(Captioned web images)
= Beginning of Section =
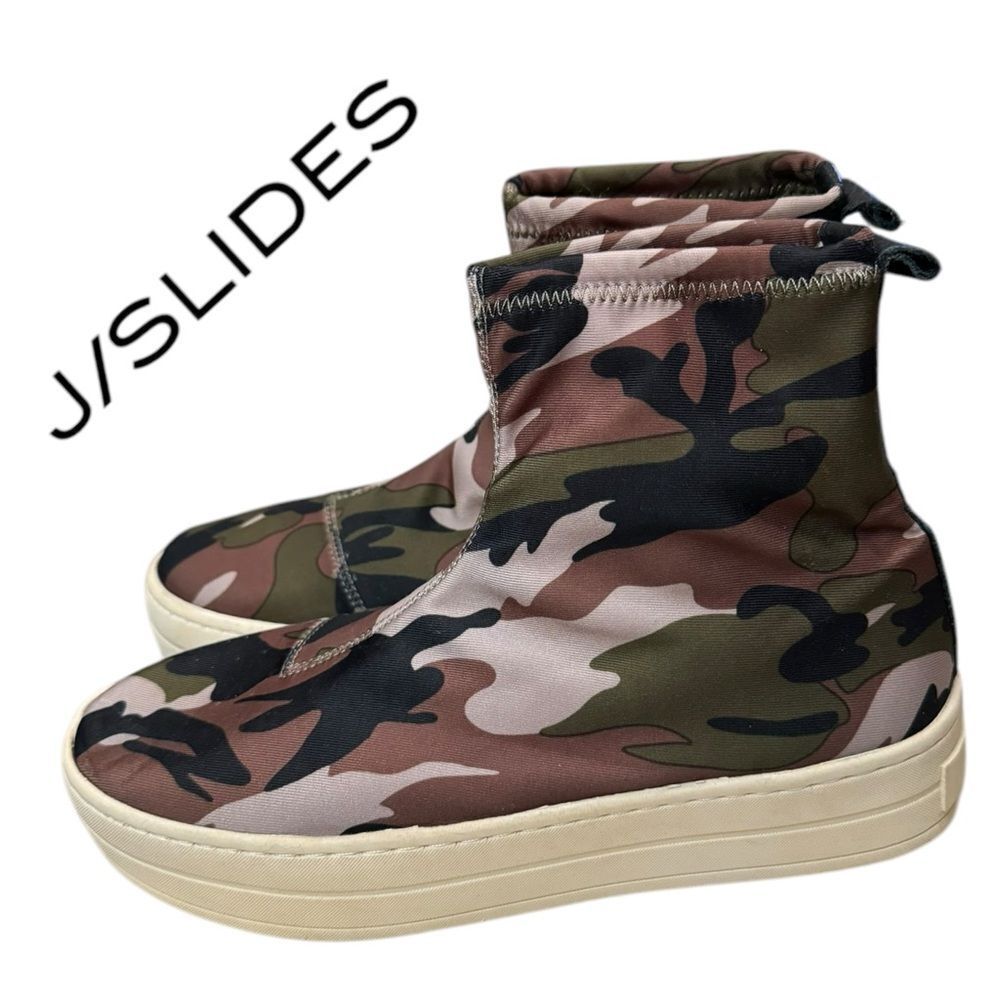 J/Slides Women's HERO Sock Camo High Top Fabric Pull-on Sneakers 7.5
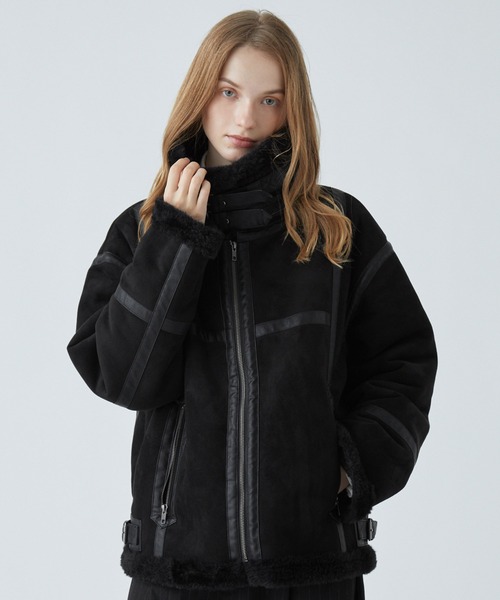 VELNUS（ベルナス）の「【VELNUS】B-3 high neck design fleece-lined faux shearling jacket/Ｂ-3ハイネックデザイン 裏ボアフェイクムートンジャケット（ムートンコート・メンズ・ホワイト/ブラック・L/S/M）」の14枚目の写真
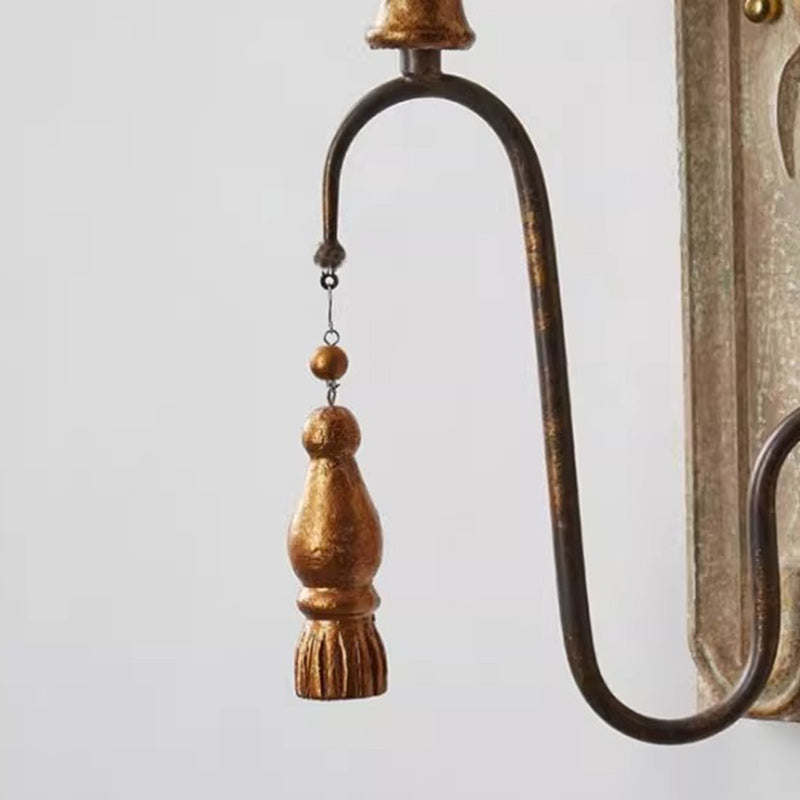 Distressed Wood Iron Candelabra 2-Light Wall Sconce Lamp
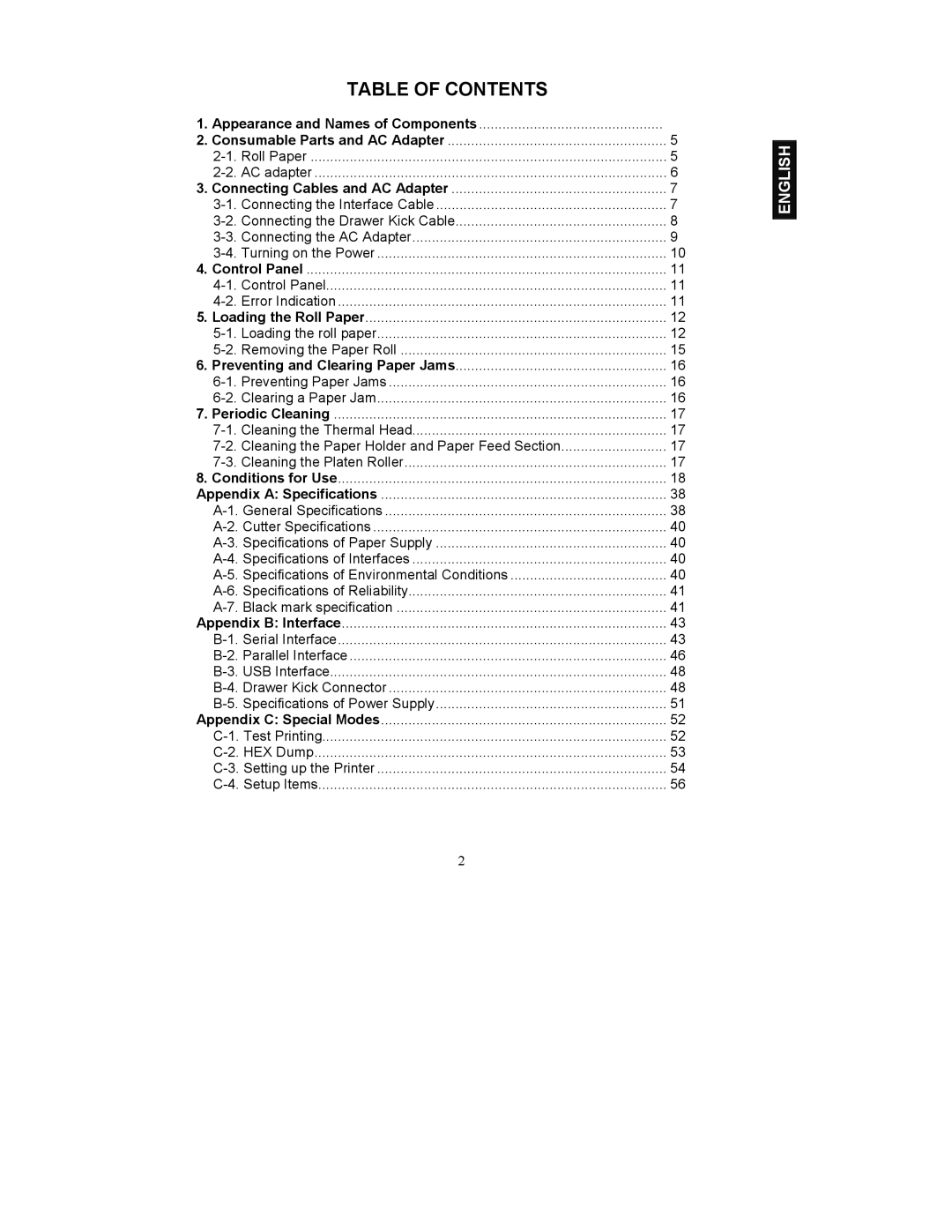 Fujitsu FP-410 user manual Table of Contents 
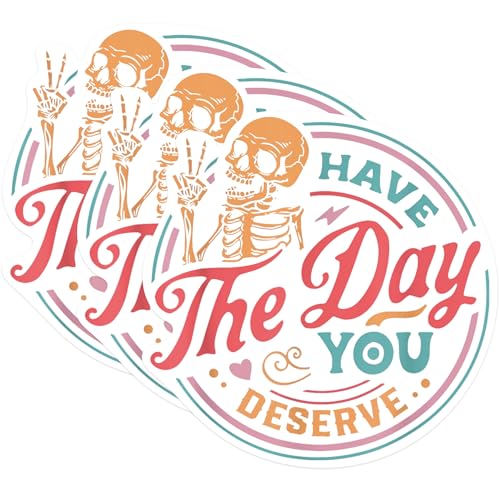 (3 Pack) Have The Day Decals - Skeleton Peace Sign - Positive Affirmation Decals - 3 Inches On Longest Side - Easy Peel & Apply - Made in USA - 3MCS0523
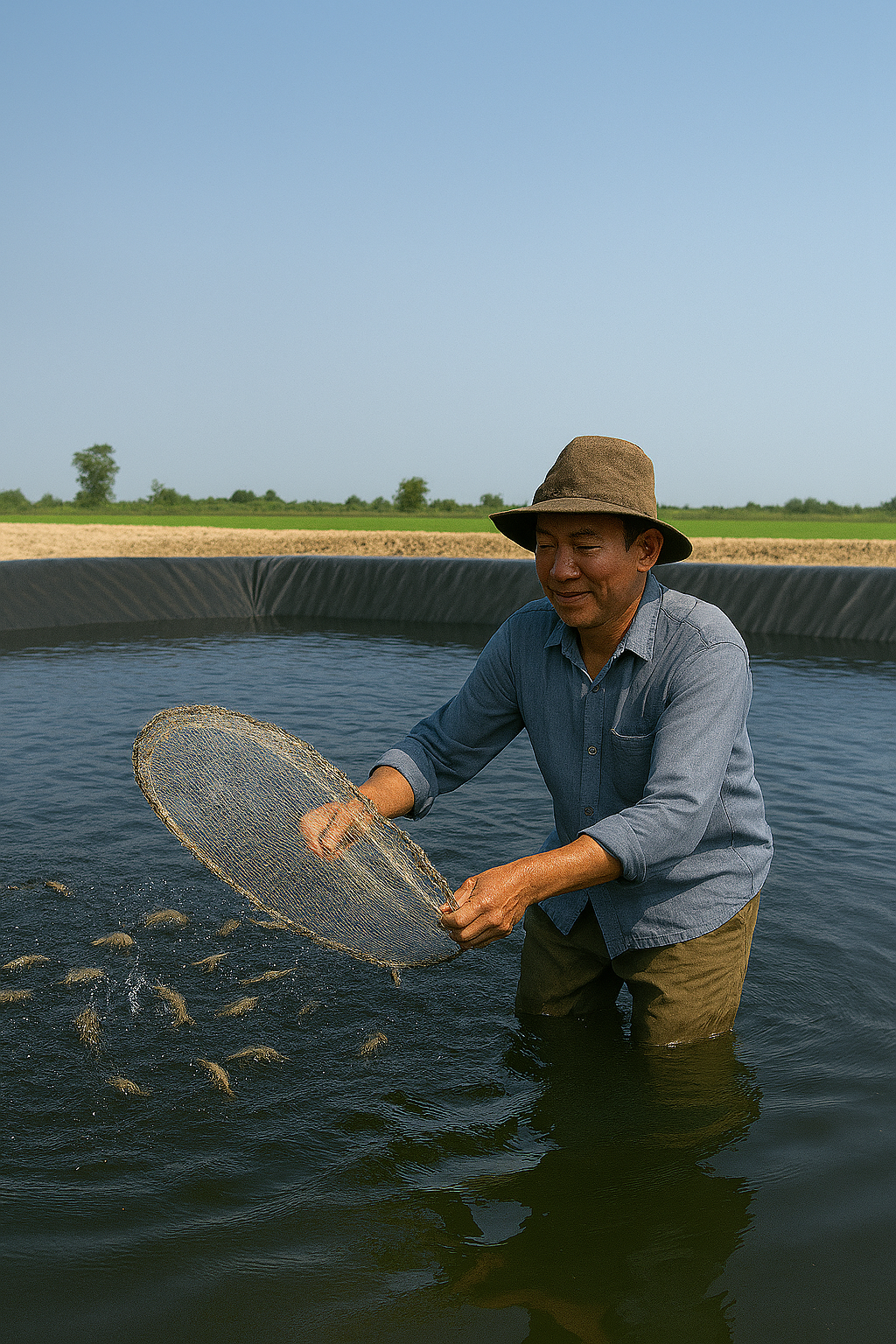 ứng dụng hồ lót bạt nuôi tôm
= End of Section =
→ **Task brief**
Only the lines from the one containing "VELNUS（ベルナス）の「【VELNUS】B-3 high neck" through the last line of the data above, both included, belong in the reply, each restated exactly and without pictures.

→ **Result for this exercise**
 VELNUS（ベルナス）の「【VELNUS】B-3 high neck design fleece-lined faux shearling jacket/Ｂ-3ハイネックデザイン 裏ボアフェイクムートンジャケット（ムートンコート・メンズ・ホワイト/ブラック・L/S/M）」の14枚目の写真
 Distressed Wood Iron Candelabra 2-Light Wall Sconce Lamp
 Fujitsu FP-410 user manual Table of Contents 
 (3 Pack) Have The Day Decals - Skeleton Peace Sign - Positive Affirmation Decals - 3 Inches On Longest Side - Easy Peel & Apply - Made in USA - 3MCS0523
 ứng dụng hồ lót bạt nuôi tôm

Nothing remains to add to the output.